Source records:
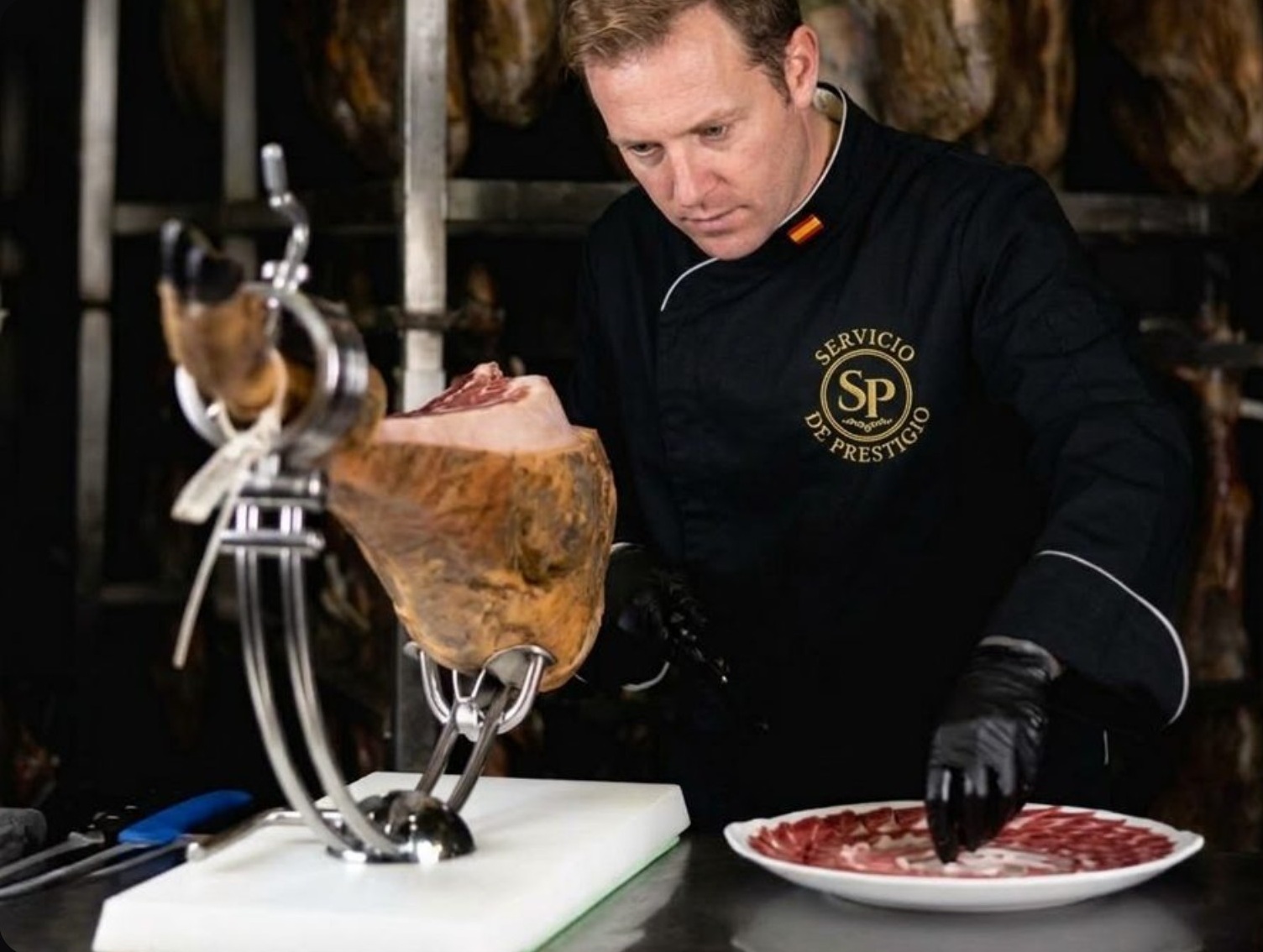Corte de jamón en vivo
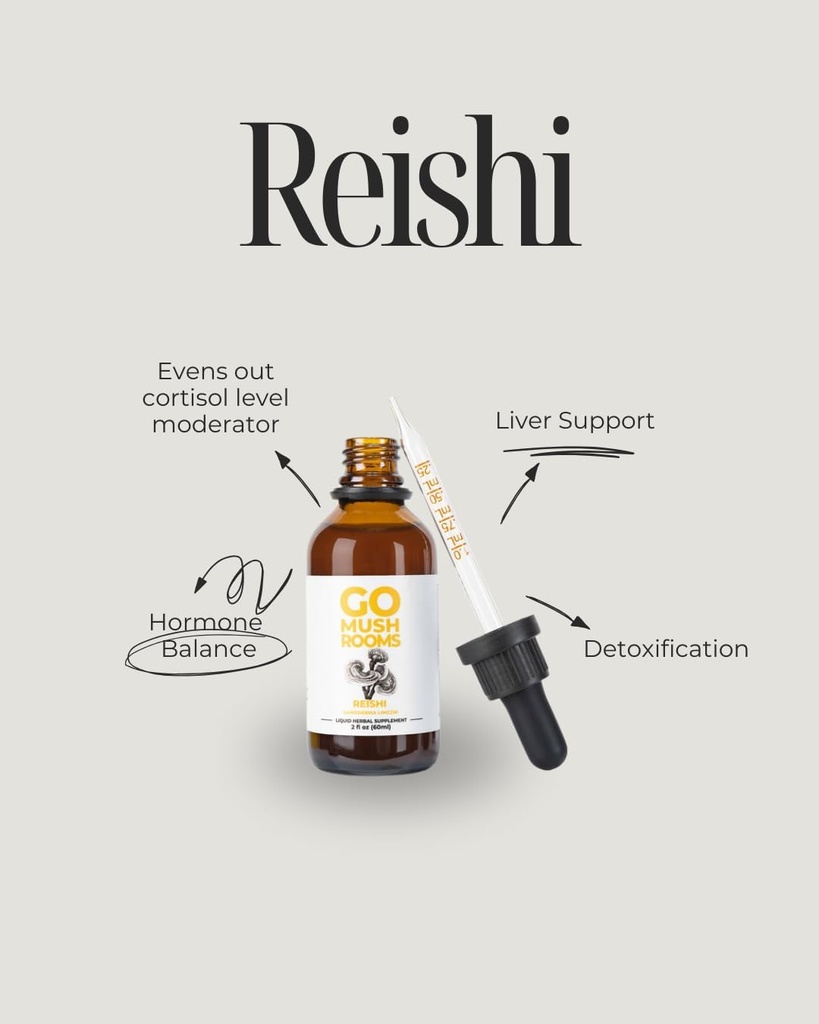 Reishi Mushroom Tincture Supplement - Kaksoispoistettu hedelmää elin tukemaan lepoa ja rentoutumista - 2 fl oz (60 tarjoilua) *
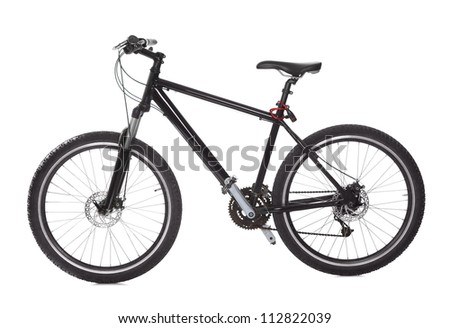 Studio shot of black mountain bike isolated on white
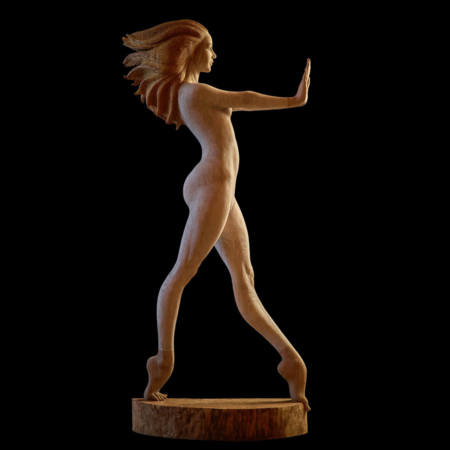 Drewniana rzeźba kobiety Spannung Małgorzata Chodakowska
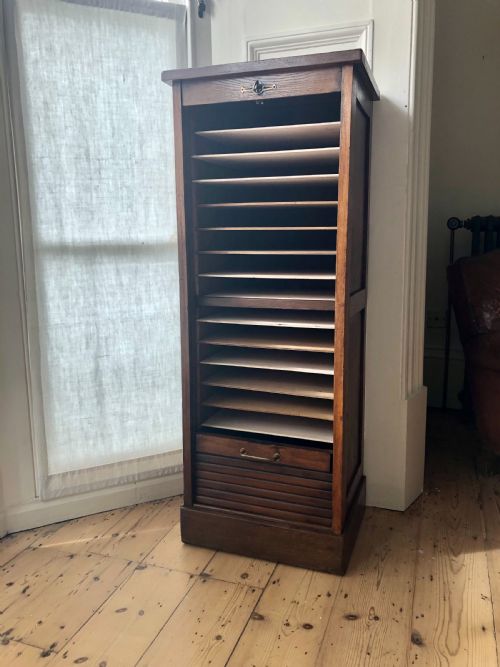 ANTIQUE FRENCH OAK TAMBOUR FILING CABINET - ADDITIONAL PHOTO 3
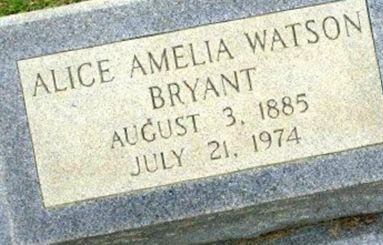 Alice Amelia Watson Bryant on Sysoon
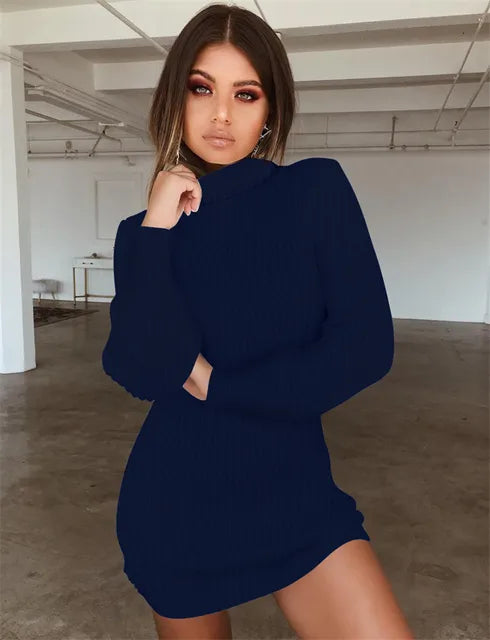 Autumn Knitted Long Sleeve Dress Solid Pullover Turtleneck Bodycon Dress Mini Latern sleeve Sweater Vintage Sexy Slim Knit Dress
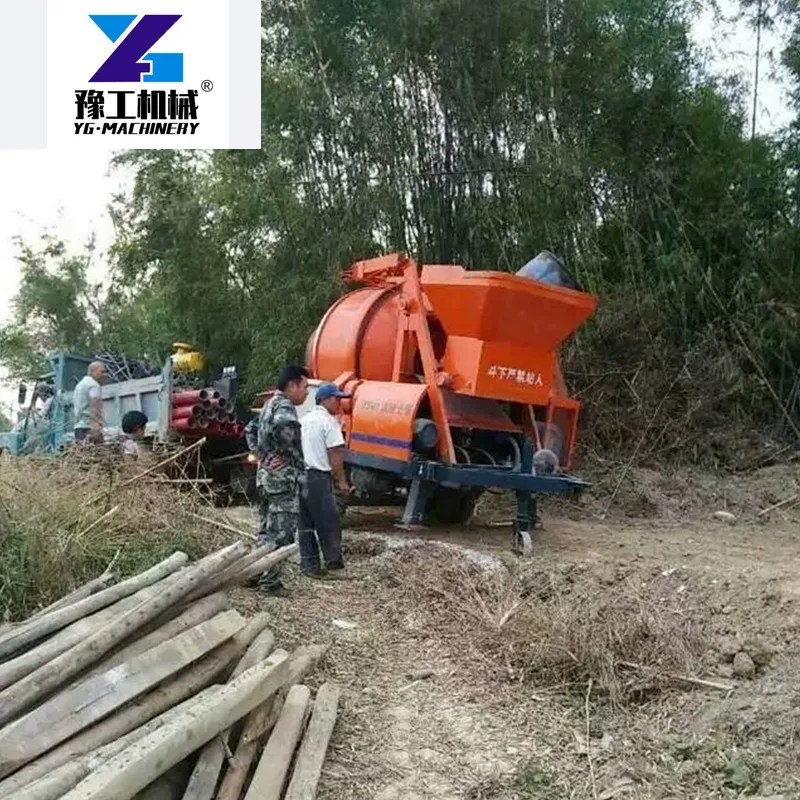 Customized High Efficiency Mini Concrete Mixer And Pump Machine For Mixing And Pumping With Diesel Engine Driven
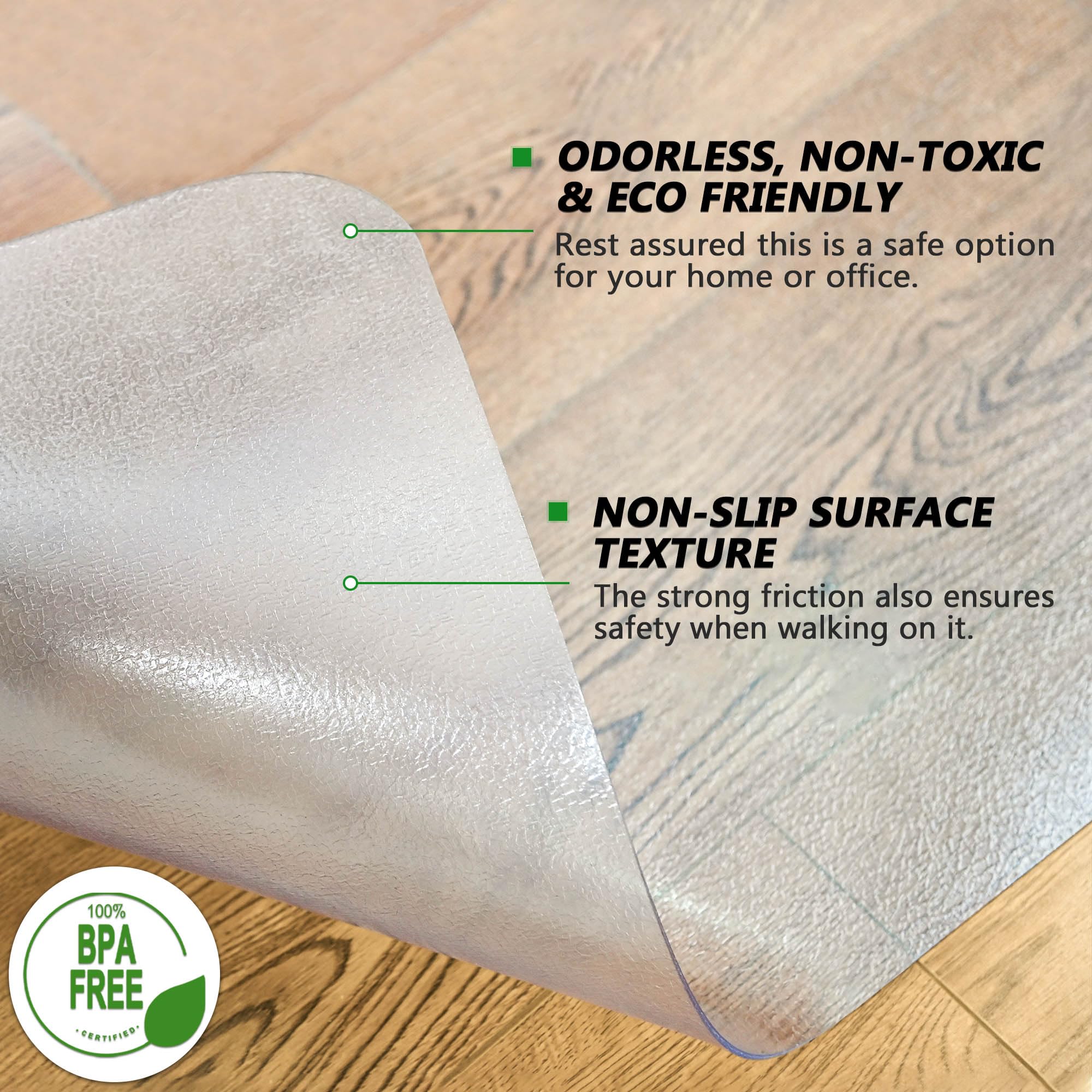 100pointONE Large Office Chair Mat for Hardwood Floor - 46" x 72" Clear Floor Protector Mat for Rolling Chair on Hardwood, Easy Glide Desk Chair Mat for Home & Office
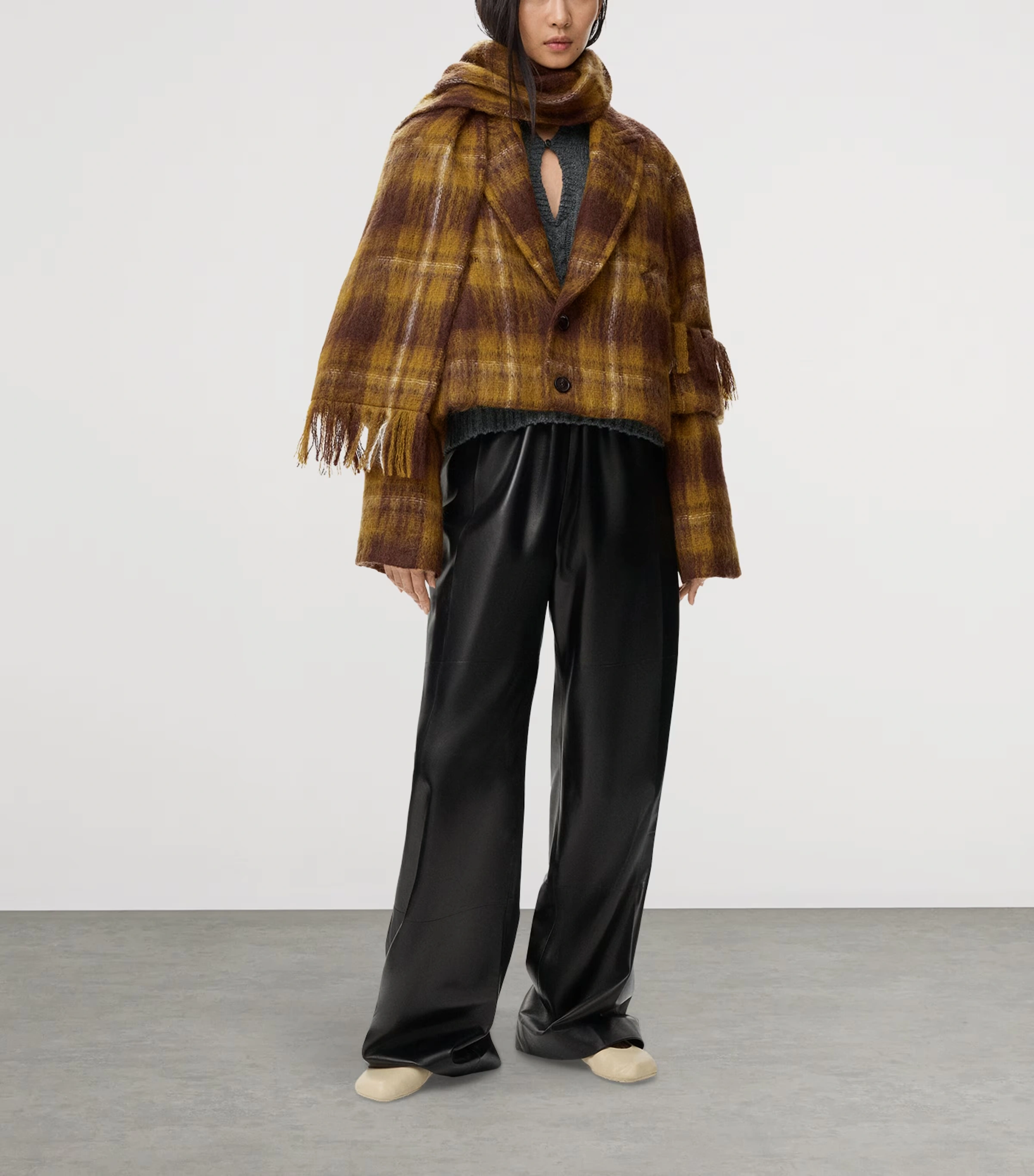 Mohair-Wool Scarf-Detail Check Coat 3 Mohair-Wool Scarf-Detail Check Coat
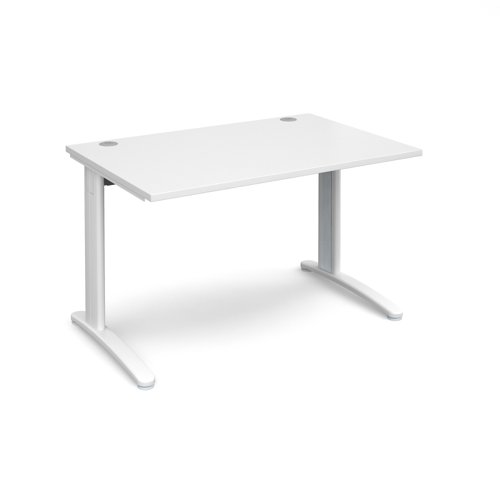 TR10 straight desk 1200mm x 800mm - white frame, white top Office Desks T12WWH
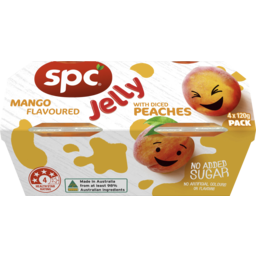 Photo of Spc Mango Flavoured Jelly With Diced Peaches 4 Pack 120g
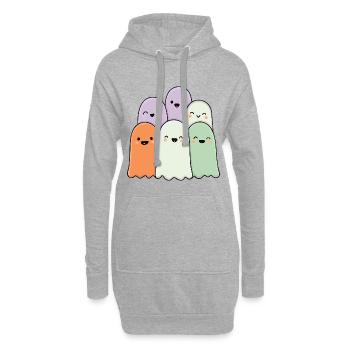 Kuschelige Geisterfreunde in Pastellfarben - Hoodie-Kleid - Grau meliert - Vorne
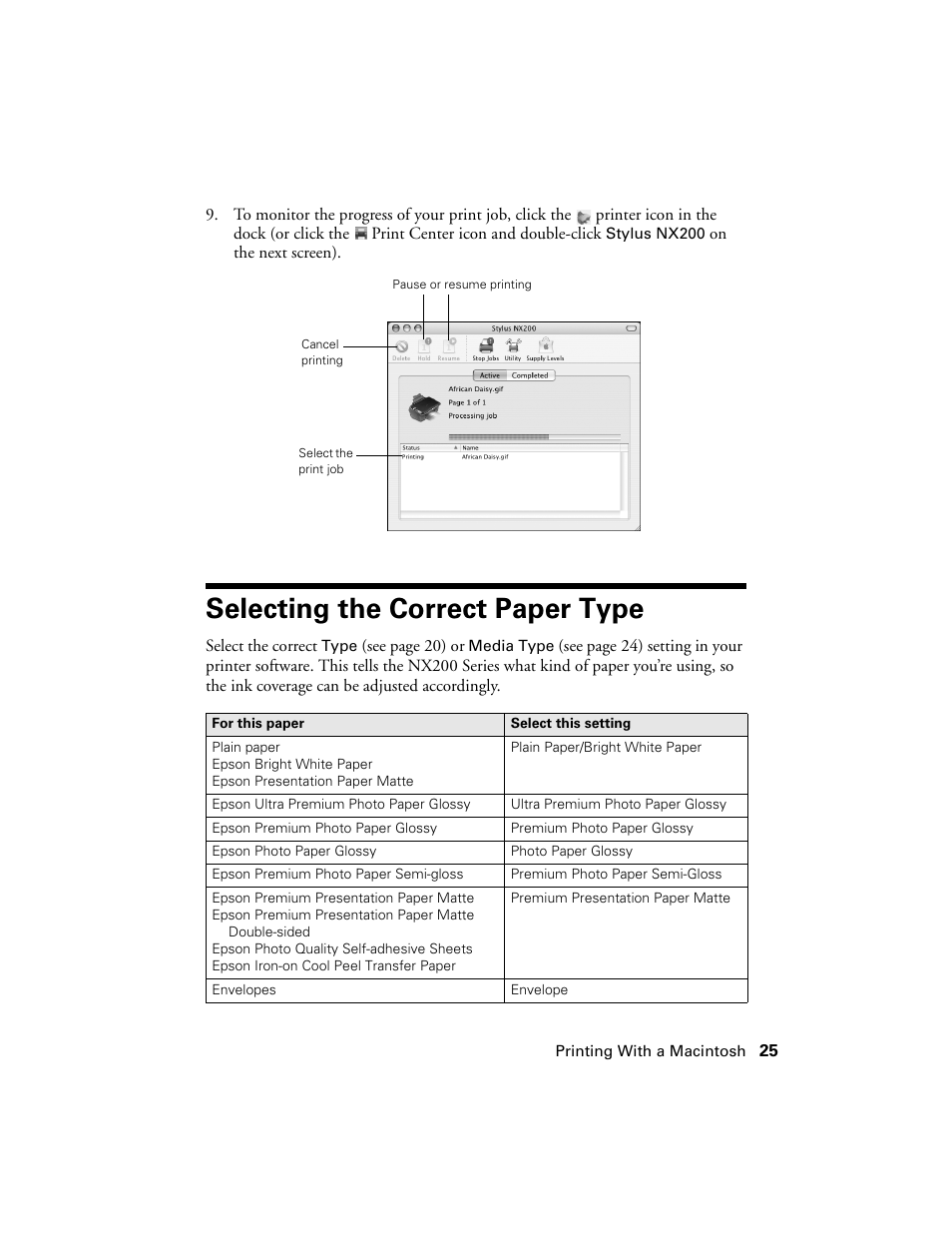 Selecting the correct paper type | Garmin STYLUS NX200 User Manual | Page 25 / 48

» **WHAT NEEDS TO BE DONE**
Output every line of the records exactly, excluding all pictures.

» **RESULT FOR THIS TASK**
Corte de jamón en vivo
 Reishi Mushroom Tincture Supplement - Kaksoispoistettu hedelmää elin tukemaan lepoa ja rentoutumista - 2 fl oz (60 tarjoilua) *
 Studio shot of black mountain bike isolated on white
 Drewniana rzeźba kobiety Spannung Małgorzata Chodakowska
 ANTIQUE FRENCH OAK TAMBOUR FILING CABINET - ADDITIONAL PHOTO 3
 Alice Amelia Watson Bryant on Sysoon
 Autumn Knitted Long Sleeve Dress Solid Pullover Turtleneck Bodycon Dress Mini Latern sleeve Sweater Vintage Sexy Slim Knit Dress
 Customized High Efficiency Mini Concrete Mixer And Pump Machine For Mixing And Pumping With Diesel Engine Driven
 100pointONE Large Office Chair Mat for Hardwood Floor - 46" x 72" Clear Floor Protector Mat for Rolling Chair on Hardwood, Easy Glide Desk Chair Mat for Home & Office
 Mohair-Wool Scarf-Detail Check Coat 3 Mohair-Wool Scarf-Detail Check Coat
 TR10 straight desk 1200mm x 800mm - white frame, white top Office Desks T12WWH
 Photo of Spc Mango Flavoured Jelly With Diced Peaches 4 Pack 120g
 Kuschelige Geisterfreunde in Pastellfarben - Hoodie-Kleid - Grau meliert - Vorne
 Selecting the correct paper type | Garmin STYLUS NX200 User Manual | Page 25 / 48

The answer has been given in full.